Commodities Strategies:  The late-month equity correction affected different commodity markets in different ways. It sparked a sharp month-end bullish reversal in metals and energy markets, yet seemed to have much less impact on agricultural markets.  The latter group generally continued their downward trajectory, accelerated by the August 12 USDA crop report.  Many discretionary ag traders that entered the month long corn and soybeans were thwarted by the USDA report, which announced record high levels of yields in corn and soybeans.  Nonetheless, the BarclayHedge Ag Traders Index finished up +0.35%.  Six of eight commodities programs on Hydra reported positive months in August, the outperformer being a fundamental agricultural trader based in Memphis, TN, up +7.25% for the month.  
 
Currency Strategies:  The market disruptions in August largely spurred rallies in the G10 currencies while most emerging market units declined sharply.
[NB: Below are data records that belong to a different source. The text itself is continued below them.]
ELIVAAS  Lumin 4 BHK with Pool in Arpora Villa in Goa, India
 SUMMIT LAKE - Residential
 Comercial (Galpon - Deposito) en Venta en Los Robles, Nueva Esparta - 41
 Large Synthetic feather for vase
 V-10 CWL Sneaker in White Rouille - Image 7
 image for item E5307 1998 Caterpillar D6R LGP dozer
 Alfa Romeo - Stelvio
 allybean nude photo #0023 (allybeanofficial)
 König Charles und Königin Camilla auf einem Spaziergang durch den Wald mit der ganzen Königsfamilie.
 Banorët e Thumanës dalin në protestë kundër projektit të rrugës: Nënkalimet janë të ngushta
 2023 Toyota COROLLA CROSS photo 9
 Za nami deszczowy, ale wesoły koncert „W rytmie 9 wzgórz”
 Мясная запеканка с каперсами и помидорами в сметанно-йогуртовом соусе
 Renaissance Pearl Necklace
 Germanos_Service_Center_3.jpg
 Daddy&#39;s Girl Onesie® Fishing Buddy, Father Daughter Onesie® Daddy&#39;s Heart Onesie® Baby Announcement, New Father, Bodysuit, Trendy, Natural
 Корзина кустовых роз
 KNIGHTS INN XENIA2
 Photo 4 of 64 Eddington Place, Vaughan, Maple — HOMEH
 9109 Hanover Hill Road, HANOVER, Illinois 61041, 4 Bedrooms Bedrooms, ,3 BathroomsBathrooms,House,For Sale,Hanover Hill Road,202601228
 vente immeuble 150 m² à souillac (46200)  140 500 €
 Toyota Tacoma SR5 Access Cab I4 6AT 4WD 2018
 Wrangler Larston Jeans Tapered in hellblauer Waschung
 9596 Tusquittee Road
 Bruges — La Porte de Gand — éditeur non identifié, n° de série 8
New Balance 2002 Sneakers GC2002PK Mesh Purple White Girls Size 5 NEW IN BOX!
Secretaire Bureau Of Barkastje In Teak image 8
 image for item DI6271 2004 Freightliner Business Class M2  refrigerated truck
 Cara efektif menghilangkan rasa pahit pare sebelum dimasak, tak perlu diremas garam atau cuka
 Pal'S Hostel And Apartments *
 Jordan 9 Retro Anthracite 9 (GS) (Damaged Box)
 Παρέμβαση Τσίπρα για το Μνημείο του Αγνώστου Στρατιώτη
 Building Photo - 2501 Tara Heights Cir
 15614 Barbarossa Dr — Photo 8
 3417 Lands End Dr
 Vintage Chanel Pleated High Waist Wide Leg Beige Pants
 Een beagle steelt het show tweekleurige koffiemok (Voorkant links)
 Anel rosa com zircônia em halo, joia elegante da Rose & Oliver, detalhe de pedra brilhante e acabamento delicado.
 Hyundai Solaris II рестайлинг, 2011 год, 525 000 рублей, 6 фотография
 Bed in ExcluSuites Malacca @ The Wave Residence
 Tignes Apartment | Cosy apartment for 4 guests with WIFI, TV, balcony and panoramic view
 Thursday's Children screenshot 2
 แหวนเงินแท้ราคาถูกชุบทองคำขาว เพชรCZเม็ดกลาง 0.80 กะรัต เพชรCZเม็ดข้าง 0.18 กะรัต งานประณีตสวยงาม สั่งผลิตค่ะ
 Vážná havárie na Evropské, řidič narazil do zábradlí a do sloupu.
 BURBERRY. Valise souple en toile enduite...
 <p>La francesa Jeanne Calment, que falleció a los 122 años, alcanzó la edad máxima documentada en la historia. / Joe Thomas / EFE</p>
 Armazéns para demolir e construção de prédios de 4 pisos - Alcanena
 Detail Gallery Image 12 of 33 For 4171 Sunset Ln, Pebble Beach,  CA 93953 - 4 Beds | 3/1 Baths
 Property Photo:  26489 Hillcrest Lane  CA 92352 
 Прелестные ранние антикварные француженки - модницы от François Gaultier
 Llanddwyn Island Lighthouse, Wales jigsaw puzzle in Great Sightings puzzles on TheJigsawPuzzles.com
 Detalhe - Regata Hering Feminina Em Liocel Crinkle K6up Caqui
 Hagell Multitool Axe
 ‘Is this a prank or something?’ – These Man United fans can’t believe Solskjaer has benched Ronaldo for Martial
Managers that were short the EM slide generally fared well.  Locking in gains from the rallies in major currencies was a more daunting task, as most surrendered 50-75% of their gains by month-end.   Trend-based and carry-based strategies tended not to capitalize on these moves,   which seemed to be caught largely by value and shorter-term/mean reversion traders. All FX programs on Hydra were positive for the month, with the largest bringing in +4.40%.
 
Short-Term / Higher Frequency:  While the “short term” camp is typically the most diverse of any style category, most of the returns for August were unexpectedly negative.  Not surprisingly, the equity sector was the greatest source of setbacks for diversified ST traders. Our Hydra Short-Term index ended the month negative.

Jon is CEO of Kettera Strategies, the operator of Hydra — a platform registered with the U.S. Commodity Futures Trading Commission — that allows qualified investors access to easily invest in a carefully curated array of CTA, FX, and Macro strategies.